Trump is accused of signing onto a scheme to illegally falsify records to conceal a $130,000 “hush payment” that Cohen paid to Daniels in 2016. Prosecutors say the scheme was designed to subvert election laws and keep the payment secret.

The defendants allege that Trump falsely represented the repayment of the $130,000 payments throughout his first year in office as monthly checks for ongoing legal services. Each of the 34 counts deals with vouchers, invoices and checks that arose from payments to Cohen.

Prosecutors began their case by calling a wave of witnesses and laying out a broader “catch-and-kill” plan to quash negative reporting about Trump during the 2016 election.

David Pecker was CEO of American Media, the parent company of the tabloid newspaper National Enquirer, in 2016. A longtime friend of Trump, Pecker testified about how Trump and Cohen schemed to prevent negative stories about Trump from surfacing in the months leading up to the election. The Enquirer also published negative stories about Trump’s opponents and positive stories about Trump. Pecker said the tabloid would run Cohen’s stories before they were published.

Pecker told jurors that he agreed to be the “eyes and ears” of the campaign during a meeting at Trump Tower in August 2015. This “catch and kill” strategy resulted in the suppression of three stories by Stormy Daniels, Karen McDougal and Dino Sajudin. The copyrights to the McDougal and Sajudin stories were bought by AMI, and Cohen paid Daniels himself.

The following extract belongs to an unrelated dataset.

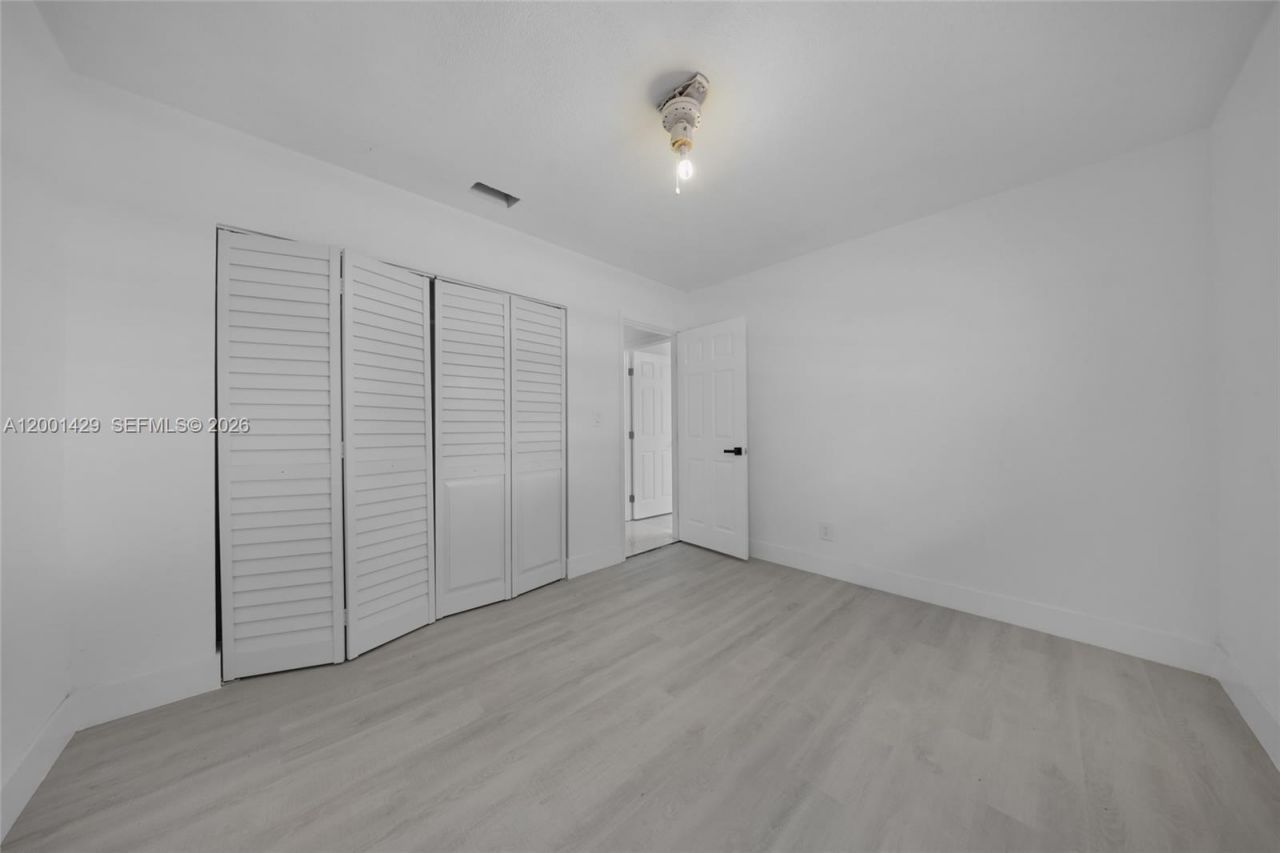 1320 NW 72nd Ave, Plantation, FL 33313 Photo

In his closing argument, prosecutor Joshua Steinglass said AMI’s purchase of articles on behalf of then-candidate Trump, in coordination with the campaign, constituted illegal campaign contributions. “It turned out to be one of the most valuable contributions anyone has made to the campaign, and it may have helped elect Trump,” Steinglass said.

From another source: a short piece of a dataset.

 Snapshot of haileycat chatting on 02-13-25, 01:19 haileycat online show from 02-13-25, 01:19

Essentially, this was a case about documents, and through witnesses such as the Trump Organization’s former comptroller Jeff McConney and the company’s payroll manager Deborah Tarasoff, prosecutors walked jurors through allegedly falsified business records and numerous documents they said supported their case.

During the trial, prosecutors presented bank records, emails, text messages, phone records and two documents handwritten by Allen Weisselberg and McConney detailing the amounts to be repaid to Cohen, which they called “smoking gun.”

They have pieced together a timeline of events that they say leads to only one conclusion: that the business records were falsified with Trump’s knowledge and consent as part of a larger effort to aid his candidacy and prevent voters from learning potentially damaging information before the 2016 election.